Brent crude futures settled down $2.71, or 4.6%, at $56.23 a barrel, the lowest close since early January. Prices have lost 24.5% since their 2019 peak in April.
U.S. West Texas Intermediate (WTI) crude futures finished $2.54, or 4.7%, lower at $51.09.
Oil prices fell early in the session on worries about the trade war, then extended losses after government data showed a build of 2.4 million barrels in U.S. crude stockpiles last week, instead of the 2.8 million-barrel draw analysts had expected.
U.S. crude oil inventories had declined for seven consecutive weeks prior to last week's build but were still about 2% above the five-year average for this time of year, the U.S. Energy Information Administration (EIA) said.
U.S. gasoline inventories rose 4.4 million barrels, and distillates rose 1.5 million, with both fuels in the Gulf Coast region hitting their highest on record for this time of year.
"The stats were a major disappointment to the market with crude and product builds," said Andy Lipow, president of Lipow Oil Associates in Houston.
"With refiners increasing their utilization, product supplies are more than adequate as we head into the home stretch of the driving season," Lipow said.
Brent has plunged nearly 14% since last week as global equity markets went into a tailspin after U.S. President Donald Trump said he would slap a 10% tariff on a further $300 billion in Chinese imports from Sept. 1.
"The market continues to trade lower on concerns about demand growth and the idea that economic growth can be impacted by the trade war," said Gene McGillian, vice president of market research at Tradition Energy in Stamford Connecticut.
"The market isn't concerned about anything other than how demand is going to play out through the rest of the year," he said.
This week, the EIA reduced its forecast U.S. demand for crude and liquid fuels. The agency also cut its forecast for global crude and liquids consumption by 0.1% for both 2019 and 2020.
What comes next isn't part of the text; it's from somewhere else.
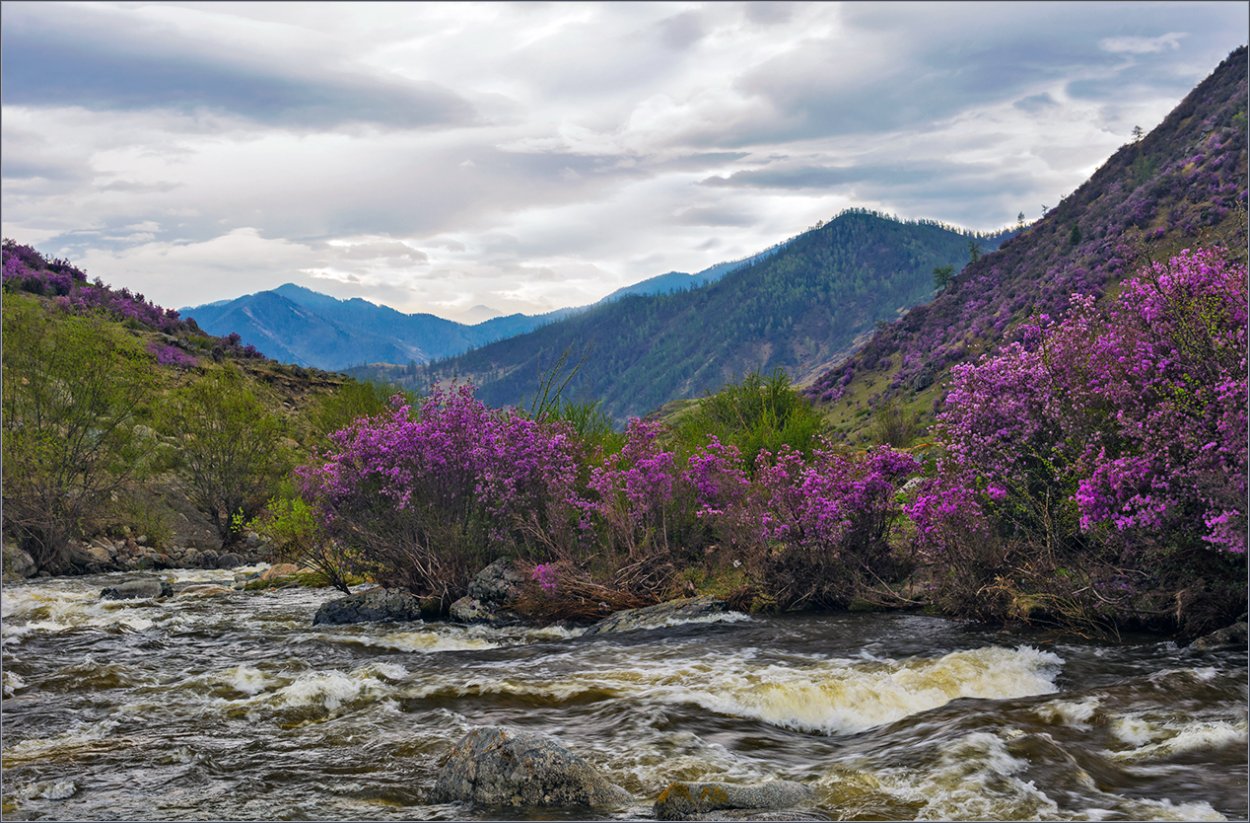 Маральник горный Алтай цветет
Meanwhile, U.S. crude production was set to rise 1.28 million barrels per day (bbl/d) to 12.27 million bbl/d this year.
"People saw those numbers and it put a negative vibe in the market," said Robert Yawger, director of energy futures at Mizuho in New York.
U.S. crude could fall to around the low-$40 a barrel range unless bearish sentiment changes, but U.S. oil production is still surging and the stock market is signaling rising fears of an economic downturn, said Josh Graves, senior market strategist at RJO Futures in Chicago.
"We could keep following the trend lower," Graves said. "Crude oil inventories were disappointing and the stock market is in worrisome territory."
Trump on Aug. 6 dismissed fears that the trade row with China could be drawn out further. Still, U.S. stock indexes tumbled more.
Demand for safe-haven assets such as government debt underscored lingering anxiety over recession risks.
Tensions in the Middle East remained high after Iran seized a number of tankers in recent weeks in the Strait of Hormuz, a major chokepoint for oil shipments.
Saudi Energy Minister Khalid al-Falih and U.S. Energy Secretary Rick Perry on Aug. 6 expressed mutual concern over threats targeting freedom of maritime traffic in the Gulf.